Caixa vai voltar a financiar imóveis acima de R$ 2,25 mi. Alívio no estoque?

Caixa vai voltar a financiar imóveis acima de R$ 2,25 mi. Alívio no estoque?
|

A Caixa anunciou que vai voltar a financiar a aquisição de imóveis residenciais acima de R$ 2,25 milhões para pessoa física com recursos da poupança – uma medida que pode gerar um alívio para o estoque do segmento, que tem crescido diante de um ritmo de vendas que não acompanha os lançamentos.

Os imóveis acima de R$ 2,25 milhões fazem parte da linha de crédito do Sistema Financeiro Imobiliário (SFI), na qual a Caixa não atuava desde 2024, porque estava dando mais atenção aos imóveis de menor valor, com potencial de atingir mais famílias, no Sistema Financeiro de Habitação (SFH), que no fim do ano passado elevou o seu teto de R$ 1,5 milhão para R$ 2,25 milhões.

A medida representa mais um esforço do governo para impulsionar o crédito e a venda de imóveis em um ano eleitoral, em um momento em que o Conselho Curador do FGTS se prepara para elevar o teto de todas as faixas de renda do Minha Casa Minha Vida.

Com a volta do financiamento acima de R$ 2,25 milhões, somado ao avanço do SFH, a Caixa estima que deve gerar a contratação de R$ 8 bilhões em financiamento para pessoa física em 2026.

Na justificativa para tomar a nova medida, o banco disse que a liberação dos recursos para imóveis superiores a R$ 2,25 milhões estará condicionada a critérios de sustentabilidade, como eficiência energética, mitigação de impactos ambientais e soluções tecnológicas sustentáveis.

O tomador precisará ter o selo Caixa Azul Uni, criado em 2009 pelo banco para reconhecer soluções eficientes no mercado.

“Estamos trazendo para o mercado uma solução que combina crédito, tecnologia e responsabilidade ambiental,” disse Inês Magalhães, a vice-presidente de Habitação da Caixa.

A Caixa também já havia retomado o financiamento à produção de imóveis, mas a principal preocupação do mercado no momento é o ritmo de vendas, que em 2025 ficou bem abaixo do ritmo de lançamentos, em razão do período prolongado de juros altos.
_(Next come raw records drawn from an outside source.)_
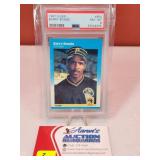 1987 Fleer Barry Bonds PSA 8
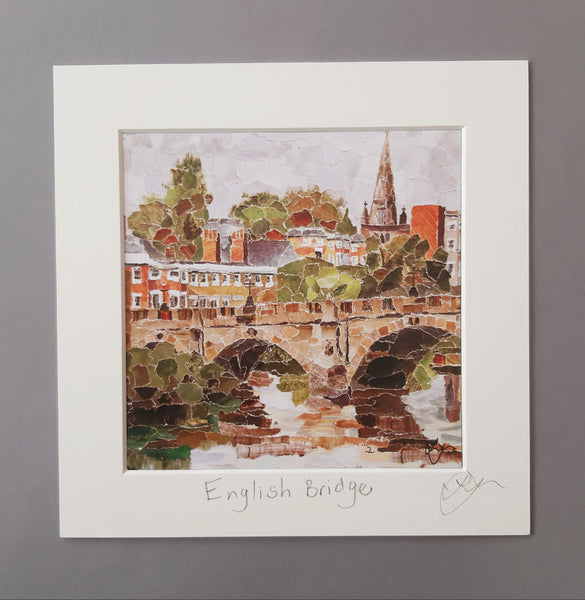 English Bridge, Shrewsbury Mini Print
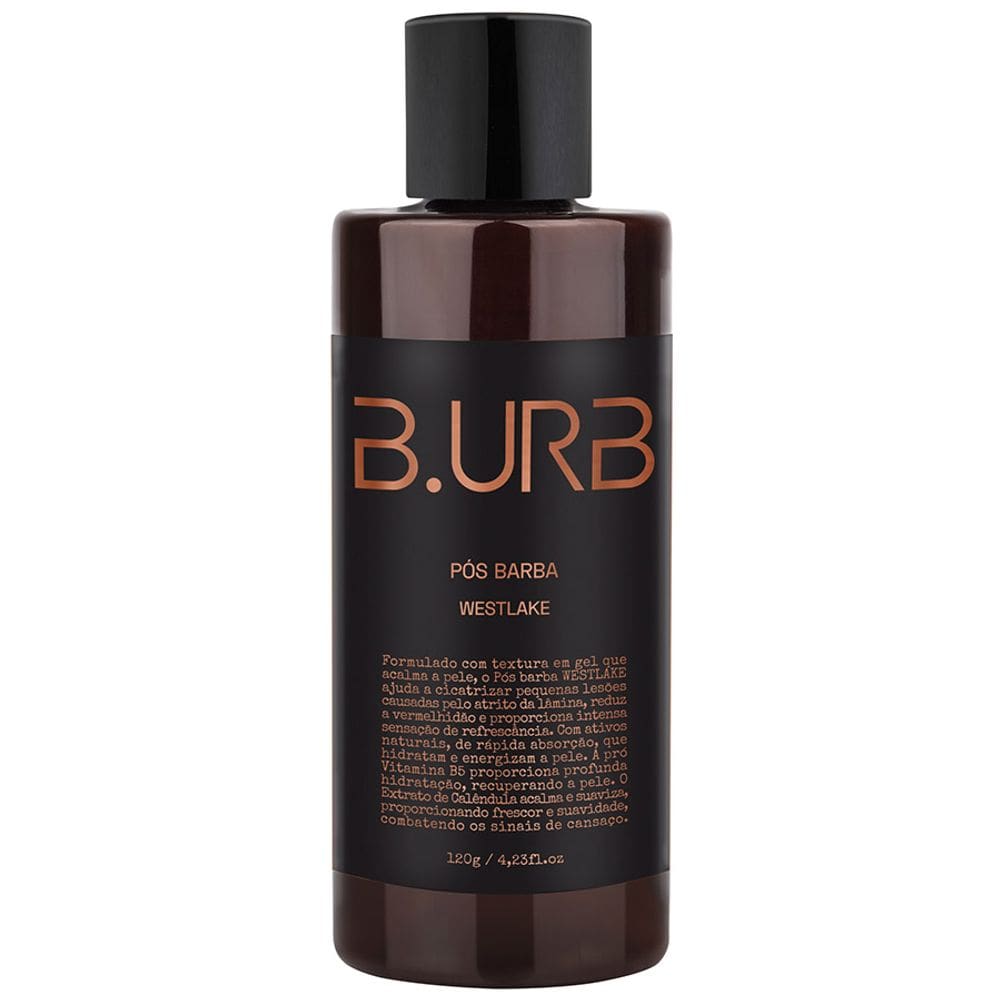 Loção Pós Barba Westlake Acalma Hidrata Refresca 120g Barba Urbana B.URB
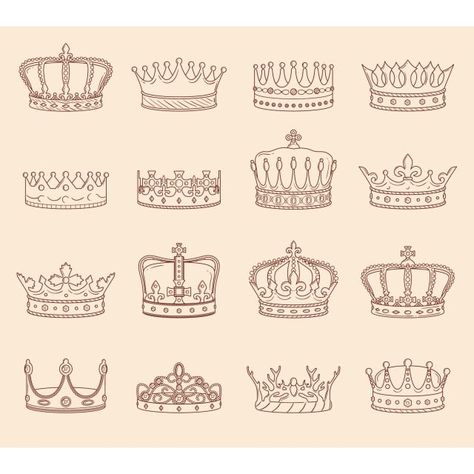 Crown Drawings, Queen Crown Drawing, Ej Logo, King Crown Drawing, Queen Crown Tattoo, Crown Painting, King And Queen Crowns, King Drawing, Queen Drawing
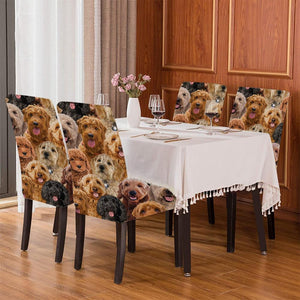 A Bunch Of Goldendoodles Chair Cover/Great Gift Idea For Dog Lovers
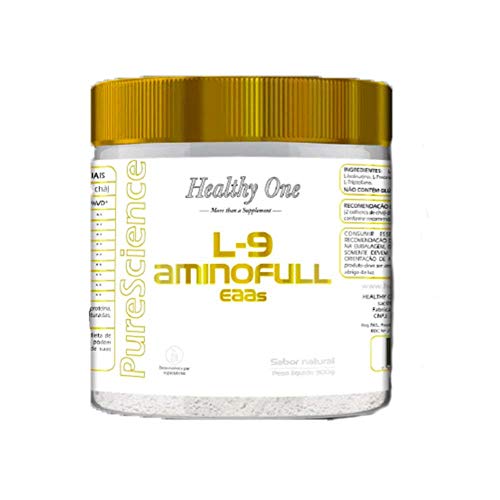 Aminoacido L-9 Aminofull EAAs 300g Natural Healthy One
Um levantamento feito pelo BTG com base em dados das incorporadoras listadas que atuam no médio e alto padrão mostrou que os lançamentos cresceram 29% no ano passado, enquanto as vendas subiram apenas 1%.
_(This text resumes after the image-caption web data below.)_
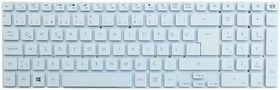 Resim Acer Aspire E5-571-36Dv, E5-571G-3382 İle Uyumlu Klavye (Beyaz) 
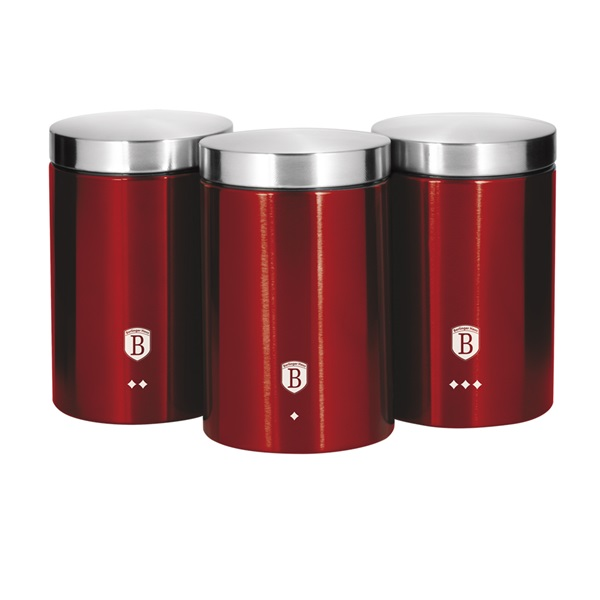 Berlinger Haus BH/1343 burgundy 3 részes tároló szett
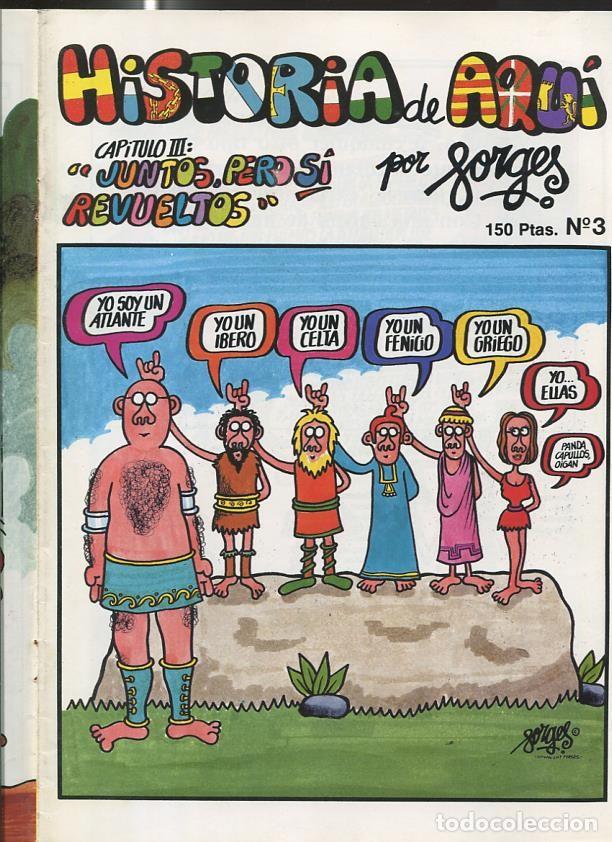 C&oacute;mics: Forges: Historia de Aqui numero 03 (grapa sacada por haber cogido oxido) - Forges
Já um outro estudo feito pelo BTG com base em dados do Secovi-SP mostrou que o estoque dos imóveis de São Paulo que valem mais de R$ 2,1 milhões já chegou a 20 meses de vendas. Dois anos atrás, estava abaixo de 15 meses.
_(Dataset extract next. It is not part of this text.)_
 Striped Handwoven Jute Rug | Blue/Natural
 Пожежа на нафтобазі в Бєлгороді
Embora o alto padrão seja menos dependente do financiamento bancário, os imóveis que estão imediatamente acima da faixa de R$ 2,1 milhões ou R$ 2,25 milhões são comprados por um público que está numa espécie de “piso” do alto padrão, e que recorre aos bancos para financiar uma parte do imóvel, ou que calcula se faz mais sentido deixar o seu dinheiro excedente aplicado em títulos de renda.

Um aspecto que anima o mercado é que a medida da Caixa está sendo tomada às vésperas do esperado início do ciclo de corte de juros.

“Tudo isso junto já promove uma melhora no mercado, em especial para o público do médio e alto padrão,” Cláudio Carvalho, o CEO da incorporadora AW Realty, disse ao Metro Quadrado.